Although KDTP is licensed as a full-power station, its broadcasting radius only covers the immediate Holbrook area. Therefore, it operates a low-powered translator station, KDPH-LD (channel 48) in Phoenix, which relays KDTP's programming to the Phoenix metropolitan area, as KDTP's signal is blocked by mountains and operates on only 3.2 kW.

History
An original construction permit for KDTP was issued on January 10, 2000 to Community Television Educators for a station to broadcast on channel 39, a non-commercial allocation in Phoenix. It replaced low-power K39BI (now KFPH-CD), which had been the local Daystar station, but had been moved to channel 35 and sold. The station was licensed on November 14, 2001, airing Daystar programming.
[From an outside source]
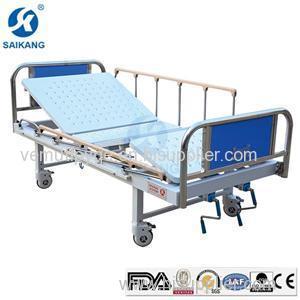 Cheap Functional Manual Adjustable Hospital Bed With Two Functions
In June 2006, the station was part of a facilities swap with KPHZ (now KTAZ), which moved the station from Phoenix channel 39 to Holbrook channel 11.

License swap
In 2004, NBC Telemundo, owner of a Class A LPTV station in Phoenix, KDRX-CA (now KDPH-LP), reached an agreement with KDTP that would allow the Telemundo network to secure a full-service station in order to compete on even terms with the leading Spanish-language station in town, Univision-owned KTVW-TV. NBC Telemundo would move its full-service station KPHZ channel 11 from Holbrook to Phoenix, taking the channel 39 allocation held by KDTP. In return, Daystar would move its full-service station KDTP channel 39 from Phoenix to Holbrook, taking the channel 11 allocation held by KPHZ. As compensation, NBC Telemundo would transfer KDRX-CA to Daystar, plus additional consideration, which turned out to be LPTV station KPHZ-LP (now KDTP-LP).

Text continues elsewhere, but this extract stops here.